▶ _What needs to be done_
Could you restate word for word the lines running from the one with "ラギアクルス　クリエイターズモデル　復刻版　箱あり イーカプコン |カプコンフィギュアビルダー" to the end of the data, both ends included, but without pictures?

▶ _Source records_
Segment Open

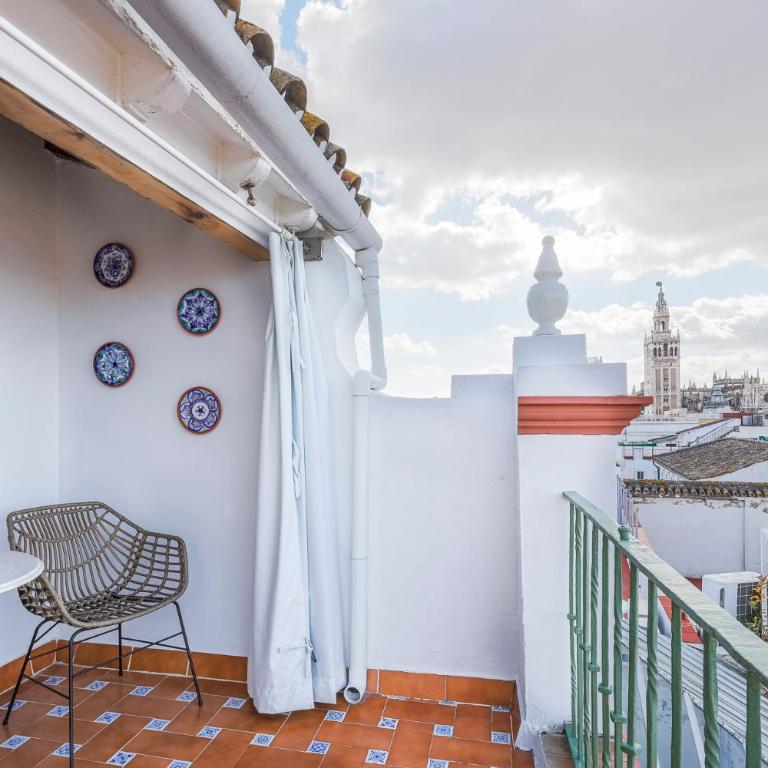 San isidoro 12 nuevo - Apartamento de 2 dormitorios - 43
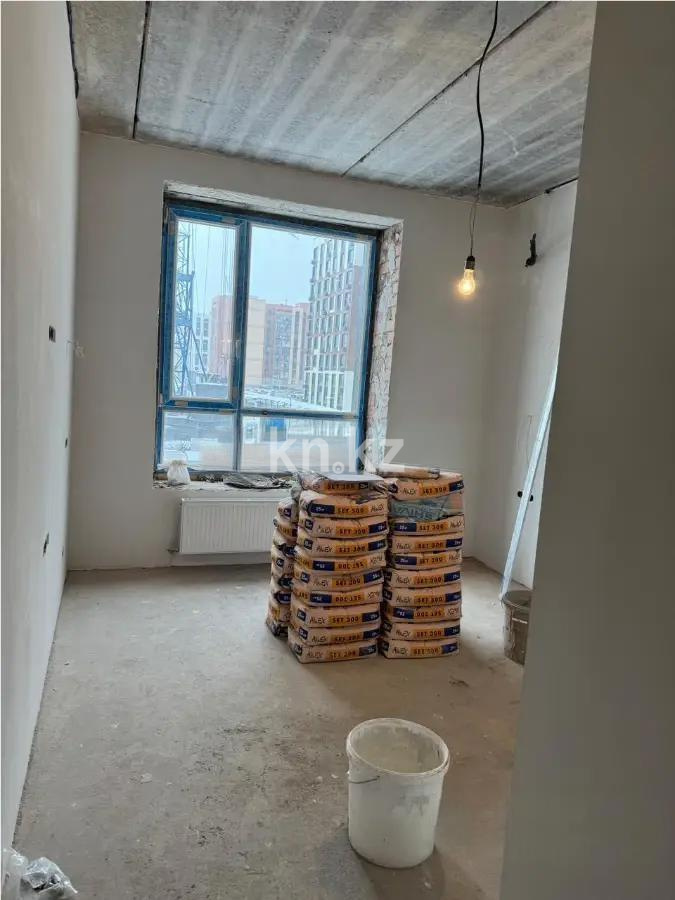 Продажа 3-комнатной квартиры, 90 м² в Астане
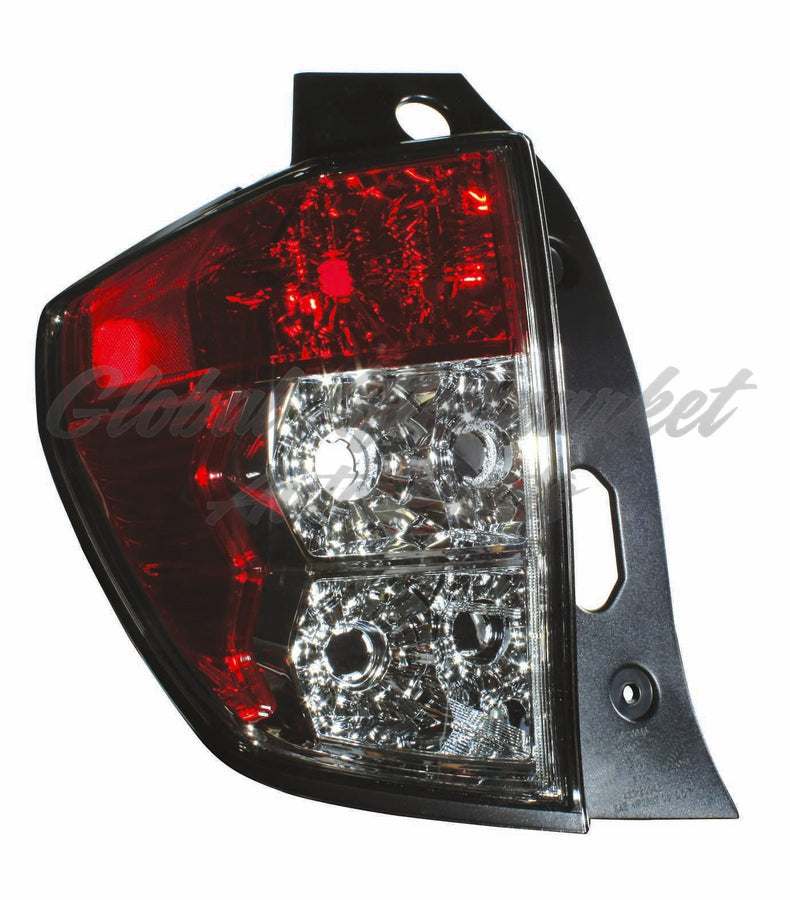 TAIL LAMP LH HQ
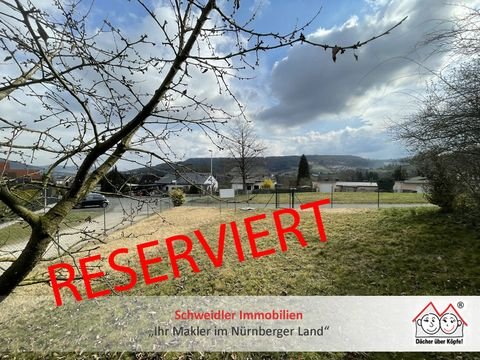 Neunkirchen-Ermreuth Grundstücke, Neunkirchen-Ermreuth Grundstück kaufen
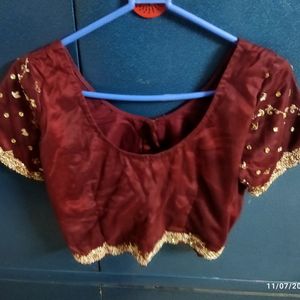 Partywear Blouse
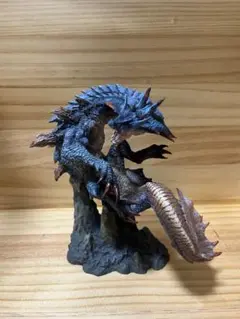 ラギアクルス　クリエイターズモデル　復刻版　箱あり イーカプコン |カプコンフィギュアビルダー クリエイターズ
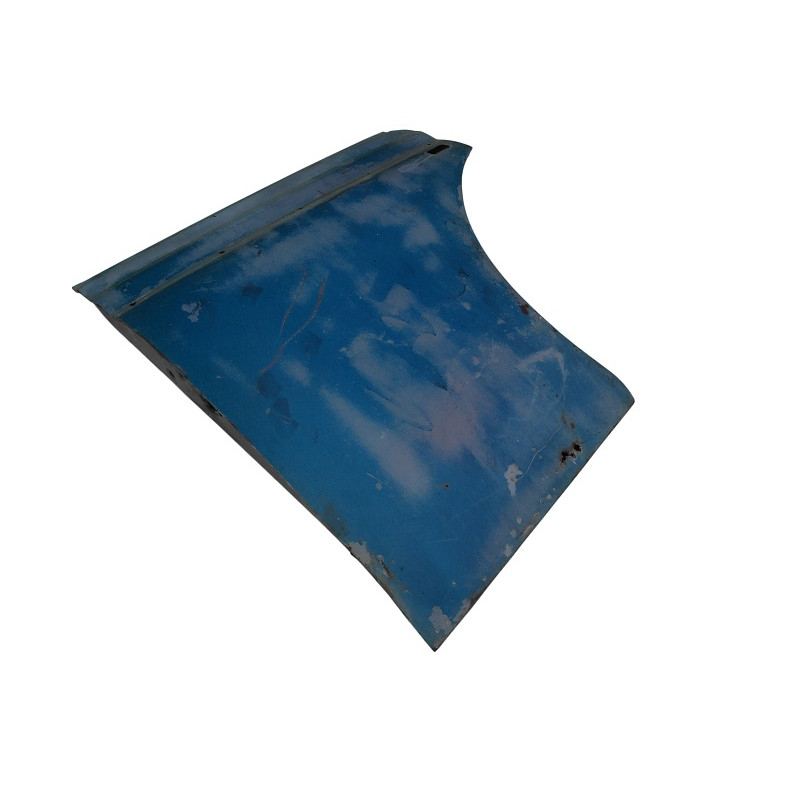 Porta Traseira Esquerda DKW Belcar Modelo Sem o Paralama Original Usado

Segment Closed

▶ _Answer to the exercise_
 ラギアクルス　クリエイターズモデル　復刻版　箱あり イーカプコン |カプコンフィギュアビルダー クリエイターズ
 Porta Traseira Esquerda DKW Belcar Modelo Sem o Paralama Original Usado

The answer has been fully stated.